_Work task_. In your copy of the records, include every word exactly and no pictures.

Image-text web data:
..............................

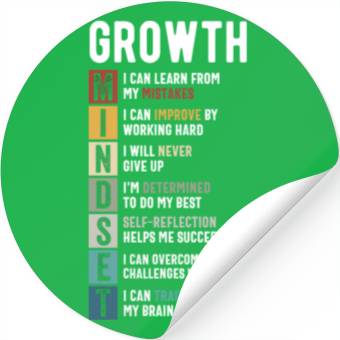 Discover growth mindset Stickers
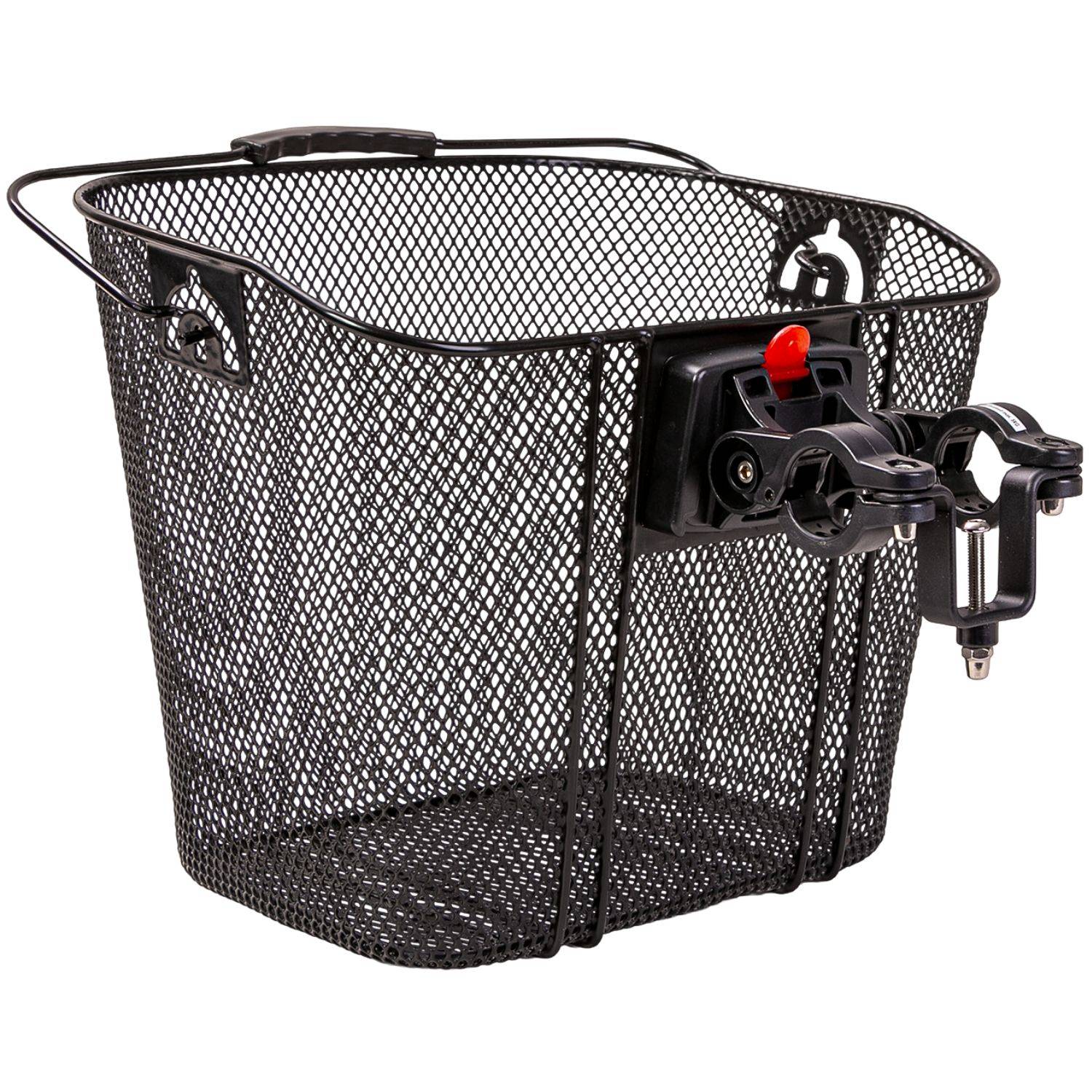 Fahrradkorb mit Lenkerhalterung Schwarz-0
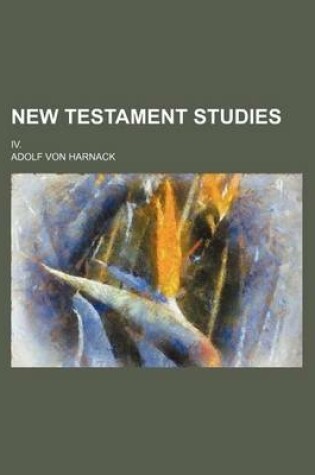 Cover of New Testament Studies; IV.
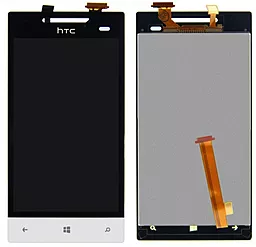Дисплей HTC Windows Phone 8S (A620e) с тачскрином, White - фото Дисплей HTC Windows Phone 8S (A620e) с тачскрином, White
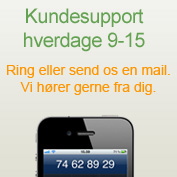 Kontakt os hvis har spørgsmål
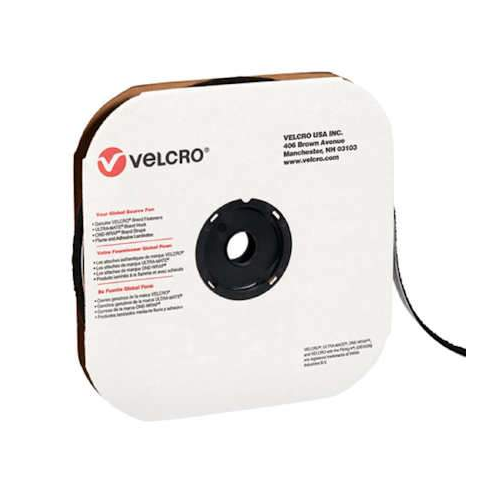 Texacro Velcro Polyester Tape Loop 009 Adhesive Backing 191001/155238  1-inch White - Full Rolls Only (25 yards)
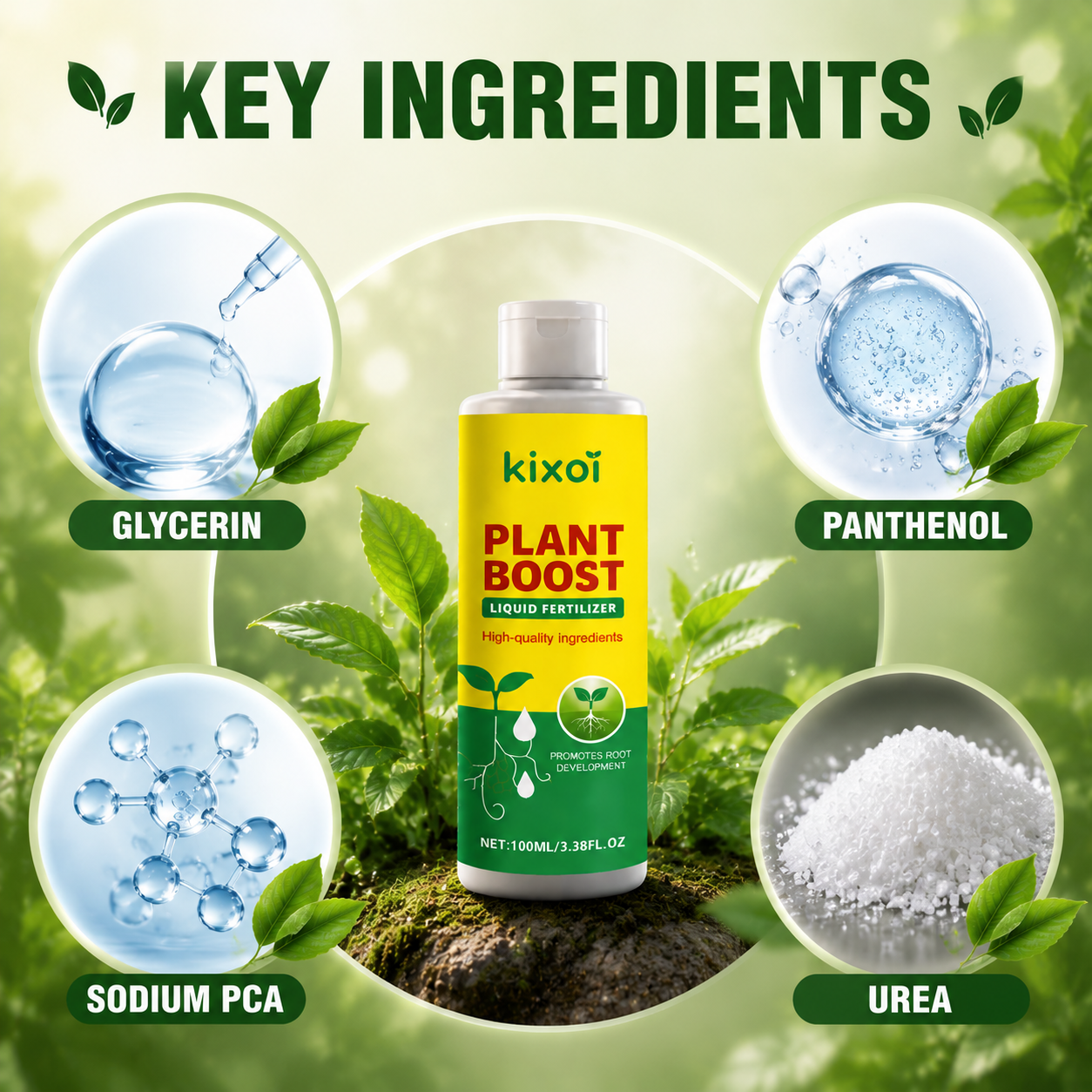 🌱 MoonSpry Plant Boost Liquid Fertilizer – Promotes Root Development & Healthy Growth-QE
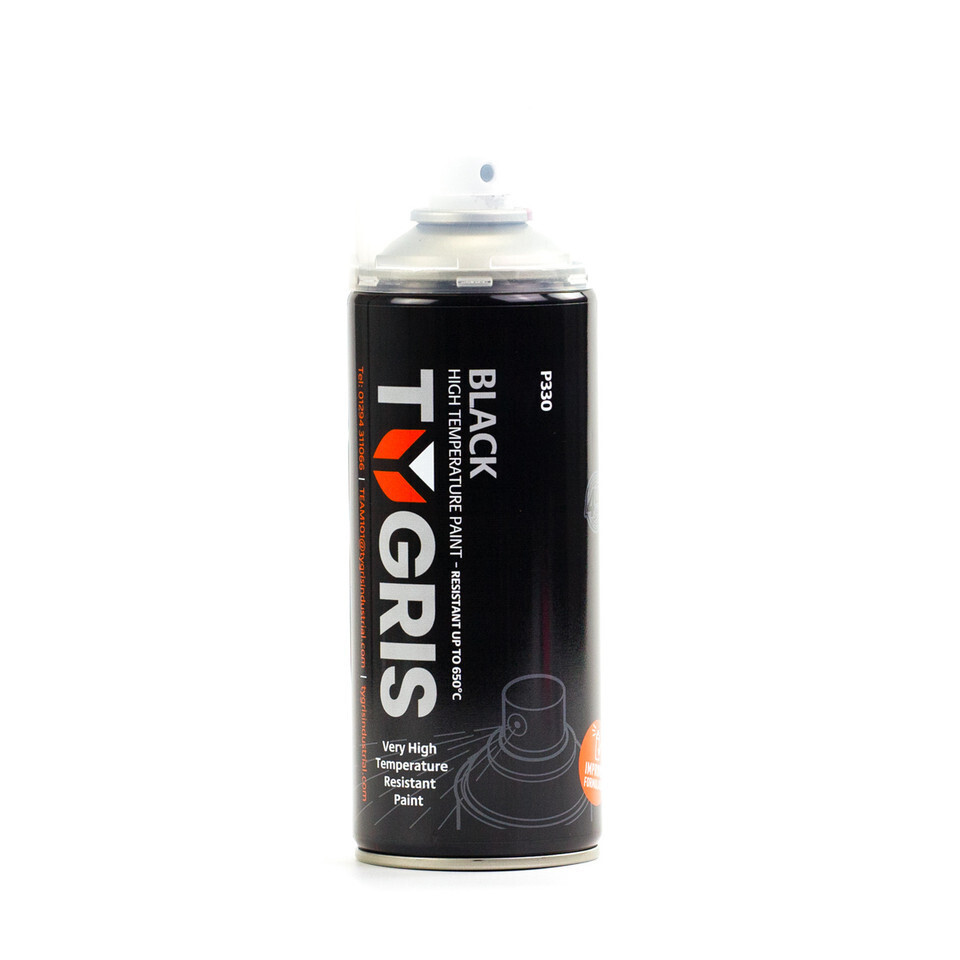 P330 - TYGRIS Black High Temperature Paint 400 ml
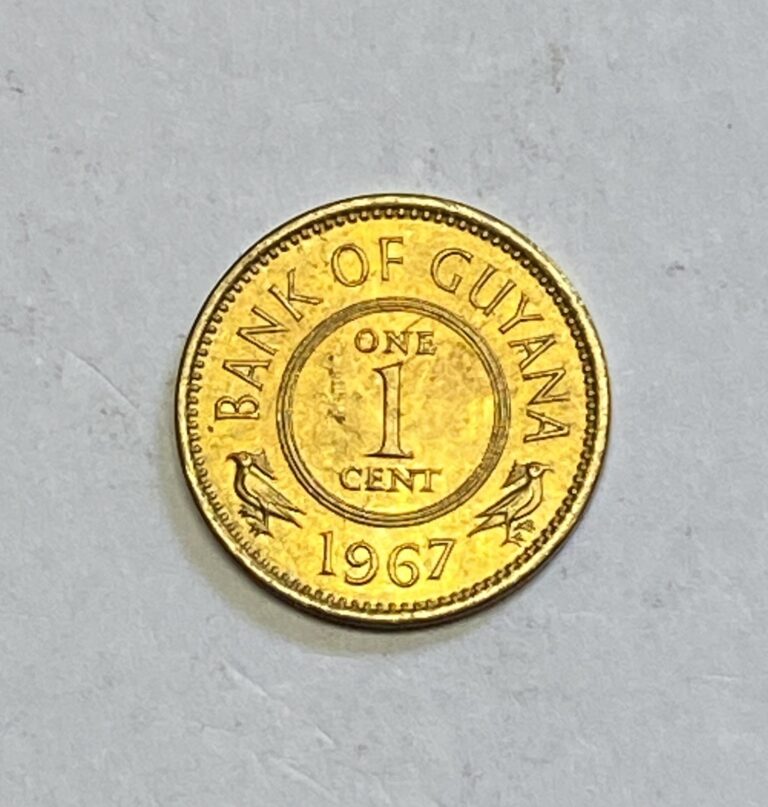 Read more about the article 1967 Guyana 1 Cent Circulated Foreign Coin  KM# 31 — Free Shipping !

..............................

_Response_.
 Discover growth mindset Stickers
 Fahrradkorb mit Lenkerhalterung Schwarz-0
 Cover of New Testament Studies; IV.
Дисплей HTC Windows Phone 8S (A620e) с тачскрином, White - фото Дисплей HTC Windows Phone 8S (A620e) с тачскрином, White
 Kontakt os hvis har spørgsmål
 Texacro Velcro Polyester Tape Loop 009 Adhesive Backing 191001/155238  1-inch White - Full Rolls Only (25 yards)
 🌱 MoonSpry Plant Boost Liquid Fertilizer – Promotes Root Development & Healthy Growth-QE
 P330 - TYGRIS Black High Temperature Paint 400 ml
 Read more about the article 1967 Guyana 1 Cent Circulated Foreign Coin  KM# 31 — Free Shipping !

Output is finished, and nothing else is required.